LCPはそのWebページ内で、最も容量が大きなコンテンツ(画像や動画)が表示されるまでの時間で計測されます。LCPは2.5秒未満におさえるのが理想です。反対にそれより遅いと、ユーザーがストレスを感じやすくなると考えられます。
良好 | 2.5秒以下 |
改善の余地あり | 2.5秒~4.0秒 |
要改善 | 4.0秒以上 |
FIDとは | 初回入力遅延に関する指標※2024年2月末まで
FID(First Input Delay)はWebページの応答速度に関する指標であり、日本語では「初回入力遅延」と訳されます。文字通りユーザーがWebページを訪れて、最初に行うクリックやタップなどの操作後に応答するまでの時間を評価する基準です。
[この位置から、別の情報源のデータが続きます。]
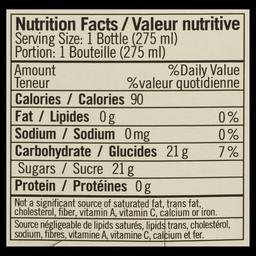 Product thumb gallery 337953124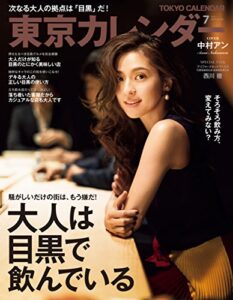 【無料で読める】東京カレンダー 2017年 7月号 [雑誌]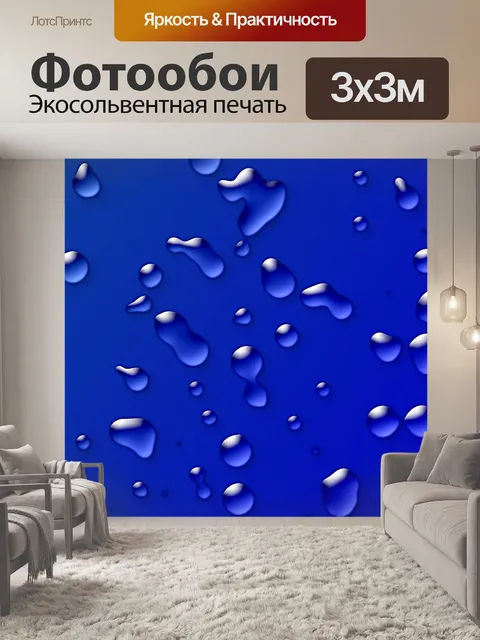 Фотообои Капли воды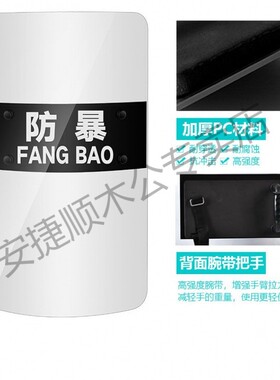 安保器材8八件套学校幼儿园防爆手持盾牌钢叉防暴头盔防恐装备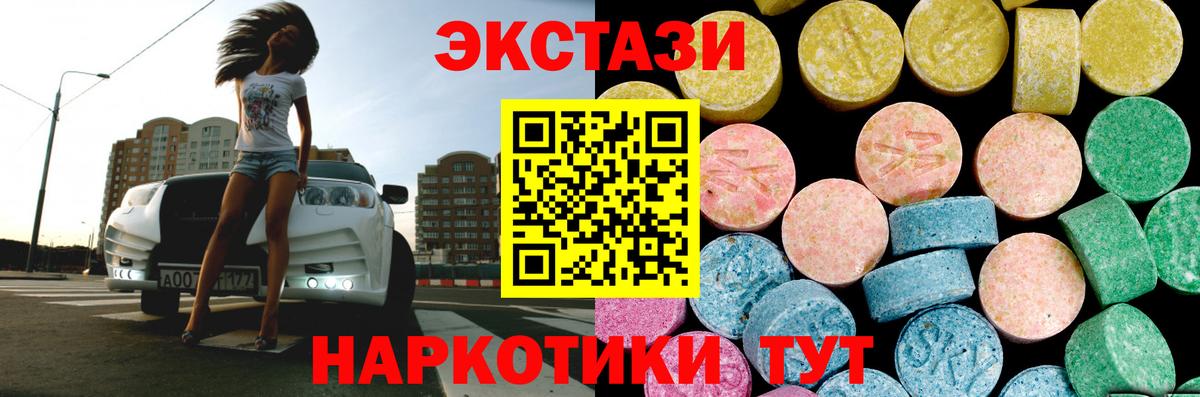 Экстази  blacksprut онион  закладка  Крымск  Экстази Дубай  Ecstasy Punisher  Вход с VPN 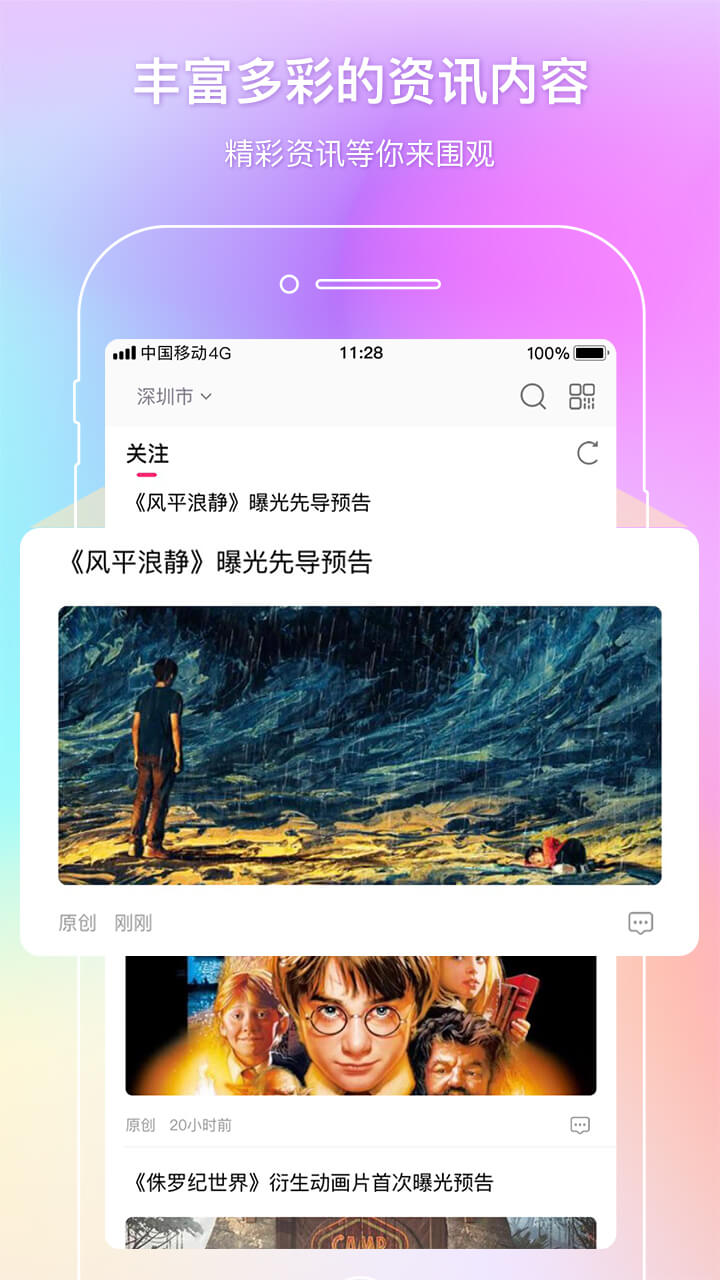 中影电影v2.15.0截图2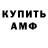 МЕТАДОН мёд victor azmi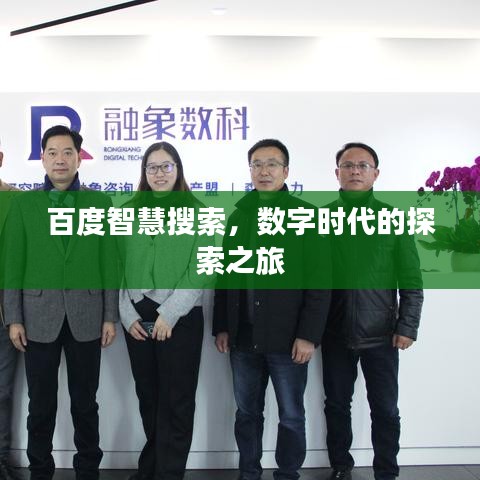 百度智慧搜索，数字时代的探索之旅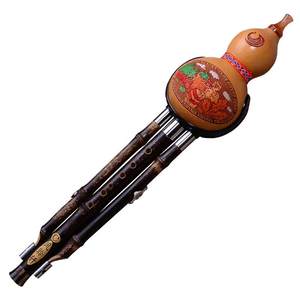 
Purple bamboo gourd silk c-down b-down primary school students specialize in adult children beginners playing musical instruments G/F/D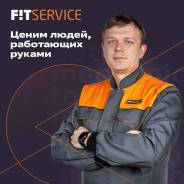 . FIT SERVICE.  17-  21 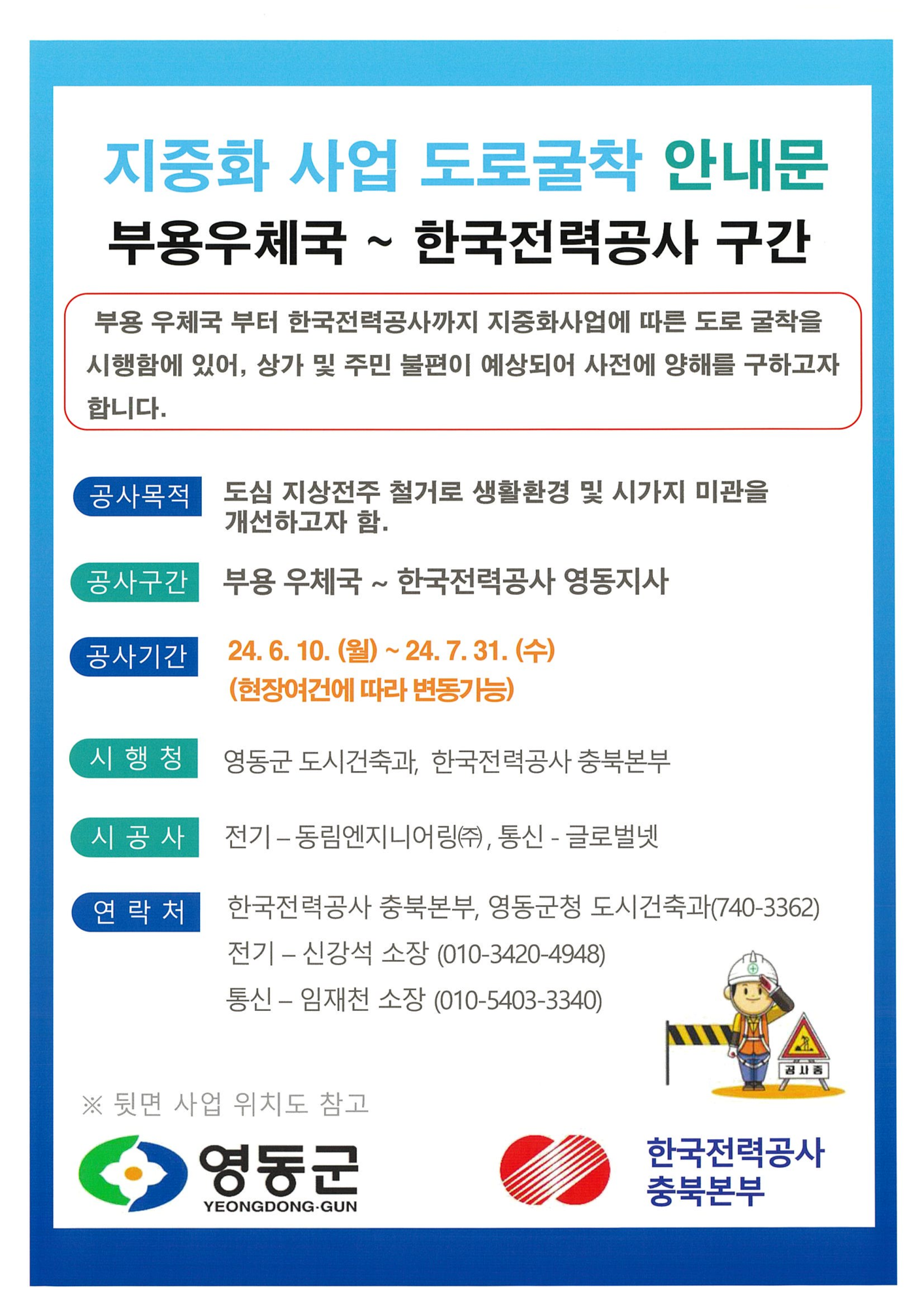 지중화 사업 도로굴착 안내문(1)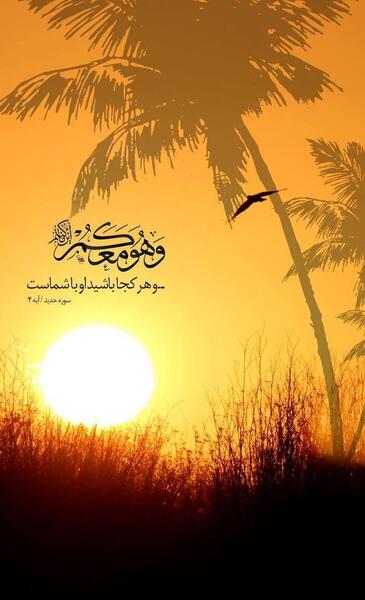 عکس مذهبی برای تصویر زمینه گوشی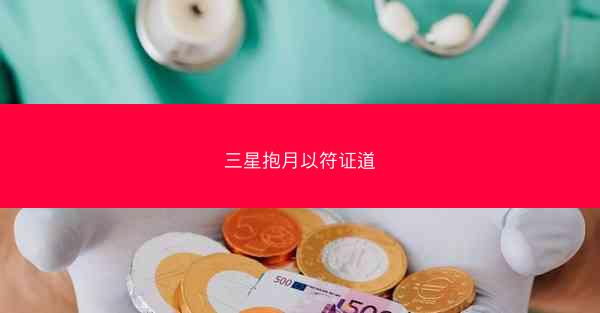 三星抱月以符证道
なおFIDが使われるのは2024年2月末までであり、2024年3月からは次項で解説するINPに置き換えられます。参考までに、FID評価スコアの基準は以下の通りです。
良好 | 100ミリ秒未満 |
改善の余地あり | 300ミリ秒以下 |
要改善 | 300ミリ秒超 |
INPとは | Webページの応答速度に関する指標※2024年3月移行
INP(Interaction to Next Paint)は、Webページの応答速度に関する指標です。INPはWebページにおいてユーザーがクリックやタップといった操作をしてから、視覚的に反応するまでの時間を示します。
たとえばショッピングサイトで、購入ボタンを押して対象の商品がカートに追加されるまでにかかる時間がINPの例です。クリックやタップをしても、なかなか意図した変化がなければ、ユーザーはストレスを感じるでしょう。INPの数値が小さい方が、ユーザー体験の品質が高いと言えます。INP評価スコアの基準は以下の通りです。
良好 | 200ミリ秒以下 |
改善の余地あり | 500ミリ秒以下 |
要改善 | 500ミリ秒超 |
FIDとINPの違いは?
FIDとINPはいずれもWebページの応答速度に関する指標ですが、大きな違いがあります。まずFIDは初回入力遅延と訳されるように、初回の操作についての反応しか対象にしません。一方でINPは、Webページ滞在中の全操作が対象となるのです。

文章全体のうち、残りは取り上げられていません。